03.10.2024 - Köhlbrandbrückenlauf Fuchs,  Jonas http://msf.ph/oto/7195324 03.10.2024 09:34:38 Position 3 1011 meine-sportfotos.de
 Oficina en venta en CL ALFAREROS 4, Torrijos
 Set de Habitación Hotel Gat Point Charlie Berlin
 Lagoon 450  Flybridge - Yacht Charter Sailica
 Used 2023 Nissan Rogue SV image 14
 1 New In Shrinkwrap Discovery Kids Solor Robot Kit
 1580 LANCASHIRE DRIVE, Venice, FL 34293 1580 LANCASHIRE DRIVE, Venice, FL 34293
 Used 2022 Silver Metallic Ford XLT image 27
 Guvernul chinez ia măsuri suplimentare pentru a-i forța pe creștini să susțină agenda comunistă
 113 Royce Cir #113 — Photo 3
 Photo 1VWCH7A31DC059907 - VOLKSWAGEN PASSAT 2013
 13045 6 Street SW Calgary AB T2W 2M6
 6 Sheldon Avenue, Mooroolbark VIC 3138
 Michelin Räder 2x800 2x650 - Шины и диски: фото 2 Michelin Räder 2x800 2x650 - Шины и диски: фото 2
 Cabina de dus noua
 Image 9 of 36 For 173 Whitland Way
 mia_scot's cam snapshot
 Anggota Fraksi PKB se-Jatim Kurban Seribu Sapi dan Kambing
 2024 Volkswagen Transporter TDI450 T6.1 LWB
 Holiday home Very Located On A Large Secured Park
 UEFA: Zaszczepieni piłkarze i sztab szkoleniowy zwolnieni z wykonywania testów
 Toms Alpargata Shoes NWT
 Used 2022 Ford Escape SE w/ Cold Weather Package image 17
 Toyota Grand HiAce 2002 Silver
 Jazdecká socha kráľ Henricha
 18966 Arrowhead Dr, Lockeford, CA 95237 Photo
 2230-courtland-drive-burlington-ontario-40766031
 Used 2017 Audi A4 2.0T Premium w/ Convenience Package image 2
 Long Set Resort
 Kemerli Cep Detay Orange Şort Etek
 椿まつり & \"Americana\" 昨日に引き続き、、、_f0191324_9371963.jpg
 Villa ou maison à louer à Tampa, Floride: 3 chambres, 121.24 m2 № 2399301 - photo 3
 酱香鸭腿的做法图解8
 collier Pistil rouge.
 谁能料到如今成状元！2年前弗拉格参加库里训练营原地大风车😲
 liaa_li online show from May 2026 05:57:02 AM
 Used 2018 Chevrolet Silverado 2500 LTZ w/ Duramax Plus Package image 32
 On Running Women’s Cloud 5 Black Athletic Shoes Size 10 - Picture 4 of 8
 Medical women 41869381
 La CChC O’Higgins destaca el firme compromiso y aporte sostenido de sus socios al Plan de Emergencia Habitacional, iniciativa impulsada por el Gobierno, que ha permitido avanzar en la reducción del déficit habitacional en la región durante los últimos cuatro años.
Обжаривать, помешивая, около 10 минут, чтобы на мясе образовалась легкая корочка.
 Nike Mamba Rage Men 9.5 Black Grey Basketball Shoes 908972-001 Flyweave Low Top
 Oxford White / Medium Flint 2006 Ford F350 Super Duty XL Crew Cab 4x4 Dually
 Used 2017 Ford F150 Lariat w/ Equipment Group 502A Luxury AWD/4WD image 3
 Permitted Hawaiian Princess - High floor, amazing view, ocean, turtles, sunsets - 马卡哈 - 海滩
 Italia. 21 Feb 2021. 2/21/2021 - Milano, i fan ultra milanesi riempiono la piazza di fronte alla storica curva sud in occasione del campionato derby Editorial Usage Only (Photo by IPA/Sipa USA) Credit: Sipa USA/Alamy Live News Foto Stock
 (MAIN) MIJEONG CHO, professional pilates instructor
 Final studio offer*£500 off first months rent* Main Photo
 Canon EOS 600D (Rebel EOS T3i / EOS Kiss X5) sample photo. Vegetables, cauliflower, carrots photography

· · · ·

> [EXERCISE DIRECTIONS]
Among the lines above, some may hold the string "Package". State how many, giving the number alone.

> [RESULT OF THIS TASK]
3